The water heater had been installed by Plumbing Specialists ("Plumbing"). Plumbing was insured by Occidental Fire & Casualty Company of North Carolina, ("Occidental"), under a Commercial Liability Policy (No. CP00015734) (the "Initial Policy") effective February 14, 2006 to February 14, 2007 and under a renewal policy (No. CP00079089) (the "Renewed Policy") effective February 14, 2007 to February 14, 2008. Both policies cover claims based upon bodily injury.
Saba brought suit in state court against Plumbing for its negligent installation of the water heater. Plumbing's attorney requested Occidental to intervene, but Occidental declined to either defend the suit or provide indemnification, citing to a pollution exclusion in the policies.
Plumbing then entered into a Damron agreement with Saba, under which Plumbing admitted fault, stipulated to entry of judgment against it, and assigned all rights against Occidental under the policy to Saba in exchange for Saba's covenant to not execute the judgment against Plumbing. See Damron v. Sledge, 105 Ariz. 151, 155, 460 P.2d 997, 1001 (1969); United Servs. Auto. Ass'n v. Morris, 154 Ariz. 113, 119, 741 P.2d 246, 252 (1987) (noting that the limitation on such agreements is that they "must be made fairly, with notice to the insurer, and without fraud or collusion on the insurer"). The Damron agreement enabled entry of judgment against Plumbing in the amount of $2, 000, 000.00-the amount of coverage in the policies for the years of 2006 and 2007.

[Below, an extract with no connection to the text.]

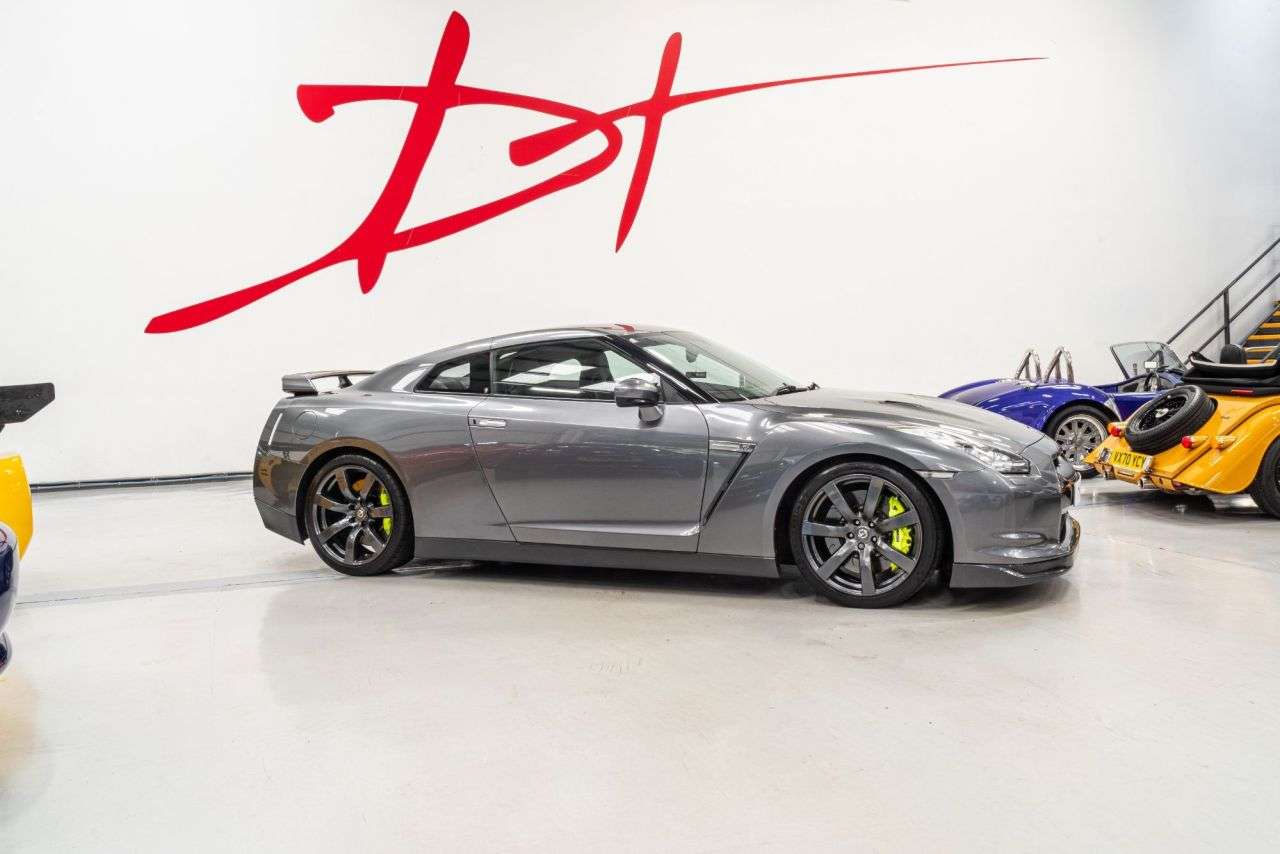 2010 NISSAN GT-R 2010 NISSAN GT-R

Saba brought suit again in state court against Occidental, seeking declaratory judgment based on the policies and also recovery under a breach of contract theory. (Doc. 1, Ex. A.) Occidental removed the case to this Court and now requests summary judgment that the pollution exclusion in the policies precludes Saba's claims. (Docs. 1, 27.) In the alternative, Occidental requests summary judgment that the only applicable policy is the Initial Policy and not the Renewed Policy. (Doc. 27.) Saba requests summary judgment that the pollution exclusion did not apply and that both the Initial and Renewal Policies cover Saba's injuries. (Doc. 25.)
I. Legal Standard
Summary judgment is appropriate if the evidence, viewed in the light most favorable to the nonmoving party, demonstrates "that there is no genuine dispute as to any material fact and the movant is entitled to judgment as a matter of law." Fed.R.Civ.P. 56(a). Substantive law determines which facts are material, and "[o]nly disputes over facts that might affect the outcome of the suit under the governing law will properly preclude the entry of summary judgment." Anderson v. Liberty Lobby, Inc., 477 U.S. 242, 248 (1986). "A fact issue is genuine if the evidence is such that a reasonable jury could return a verdict for the nonmoving party.'" Villiarimo v. Aloha Island Air, Inc., 281 F.3d 1054, 1061 (9th Cir. 2002) (quoting Anderson, 477 U.S. at 248). Thus, the nonmoving party must show that the genuine factual issues "can be resolved only by a finder of fact because they may reasonably be resolved in favor of either party.'" Cal. Architectural Bldg. Prods., Inc. v. Franciscan Ceramics, Inc., 818 F.2d 1466, 1468 (9th Cir. 1987) (original emphasis omitted) (quoting Anderson, 477 U.S. at 250).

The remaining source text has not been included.